[LRUG] Large Slow Test Suites
Jon Leighton
j at jonathanleighton.com
Thu Dec 5 01:04:52 PST 2013
Hi Tom,
On 04/12/13 22:56, Mr Jaba wrote:
> First up, thanks for Spring (amongst your many other contributions!)
> it's a really useful gem!
Glad you like it!
> With regards to the factories, what do you recommend instead? Simpler
> objects with less coupling to Rails?
Yeah I don't like the factories approach at all. Apart from often being
a source of test slowness, they encourage you down the path of high
coupling and make it too trivial to create a boat load of
database-backed objects. Bo Jeanes wrote a post about this:
http://bjeanes.com/2012/02/factories-breed-complexity
There are certainly situations in a Rails app where you need to test
against the database. For this I use fixtures, which I find perfectly
adequate and much faster than factories. You do need to ensure your
fixtures don't get out of control, but generally I think of fixtures as
a handful of pre-inserted records that I might modify in specific tests
in order to achieve a certain thing (rather than creating a new fixture
entry for each thing, which can get out of hand).
Apart from that, it's obviously wise to avoid inserting stuff in the
database as much as possible, e.g. if you just want to test the logic of
a certain method which only interacts with a model's attributes, you can
just create an in-memory instance.
I have been down the path of making my "unit tests" independent of the
Rails app so as to avoid the boot process, and found it impractical to
be honest:
1) You end up with require and require_dependency everywhere, and it's
hard to get this right in a way that plays nicely with Rails' class
reloading
2) Even if you make some tests independent of Rails, you're still going
to need some that are not independent of Rails, so you only solve part
of the problem
This was part of my motivation for spring - if we can't make get rid of
having to boot the Rails app, let's make booting the Rails app less painful.
Not sure any of these comments help with your current predicament, but
hopefully they're vaguely useful anyway!
Jon
>
> Thanks for your input!
>
> Tom
>
>
> On 4 December 2013 22:43, Jon Leighton <j at jonathanleighton.com
> <mailto:j at jonathanleighton.com>> wrote:
>
> Hello there,
>
> On 04/12/13 22:20, Mr Jaba wrote:
> > I've recently taken ownership of a new project with a large test suite
> > (2000ish tests), and the overall run time is around 30 minutes
> which is
> > certainly less than ideal!
> >
> > Now I know the general approach to "Fast Rails Tests" but taking the
> > time to refactor the whole test suite is a bit too much right now. I'm
> > wondering if anyone has experience of transforming a test suite of
> this
> > magnitude to something a bit speedier? If so how did you go about it?
> > What tips, tricks and techniques can you share?
> >
> > A bit more info:
> >
> > - Test::Unit tests, moving to Minitest
> > - Rails 3.2.16
> > - Running parallel_tests shaved 5 mins off the time
> > - Using Spring to reduce Rails load time.
> >
> > Any advice gratefully received!
>
> I think you need to provide some more information :) What's making it
> take so long - the sheer number of tests or what the tests are doing?
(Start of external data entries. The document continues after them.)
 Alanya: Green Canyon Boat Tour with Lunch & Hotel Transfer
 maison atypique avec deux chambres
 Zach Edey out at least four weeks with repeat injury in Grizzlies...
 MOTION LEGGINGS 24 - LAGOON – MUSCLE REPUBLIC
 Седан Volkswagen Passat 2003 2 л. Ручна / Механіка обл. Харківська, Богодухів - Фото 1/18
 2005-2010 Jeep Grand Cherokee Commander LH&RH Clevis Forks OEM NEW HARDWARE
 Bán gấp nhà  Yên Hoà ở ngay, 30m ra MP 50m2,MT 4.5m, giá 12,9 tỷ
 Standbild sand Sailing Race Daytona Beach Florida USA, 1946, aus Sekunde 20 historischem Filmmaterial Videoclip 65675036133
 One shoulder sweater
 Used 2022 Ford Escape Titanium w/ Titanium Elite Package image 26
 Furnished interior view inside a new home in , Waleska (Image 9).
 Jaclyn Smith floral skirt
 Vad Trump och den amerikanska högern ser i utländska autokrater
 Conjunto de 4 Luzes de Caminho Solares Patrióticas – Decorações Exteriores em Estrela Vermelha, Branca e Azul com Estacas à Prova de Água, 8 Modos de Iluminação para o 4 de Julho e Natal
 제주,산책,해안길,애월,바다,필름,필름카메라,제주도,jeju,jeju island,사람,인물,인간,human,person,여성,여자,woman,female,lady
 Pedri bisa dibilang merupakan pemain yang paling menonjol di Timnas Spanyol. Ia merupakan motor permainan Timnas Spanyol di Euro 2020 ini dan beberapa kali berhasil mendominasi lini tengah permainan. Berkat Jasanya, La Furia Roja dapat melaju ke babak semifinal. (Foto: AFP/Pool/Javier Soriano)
Do
> you have certain types of tests that are taking a large portion of the
> time (e.g. Capybara tests?) Are you using factories? In my experience
> factories are an easy cause of a slow test suite.
>
> One thing to think about is whether you can break up your test suite.
> For example in the application I work on, we have unit/integration tests
> which run in about 25 seconds on my machine. I frequently run these
> during development and they often alert me to problems. But I rarely run
> the full set of capybara tests which takes several minutes - I let the
> CI do that and run failing tests individually where necessary. This
> achieves a decent balance of fast feedback for development without
> throwing away the safety net of proper full-stack tests.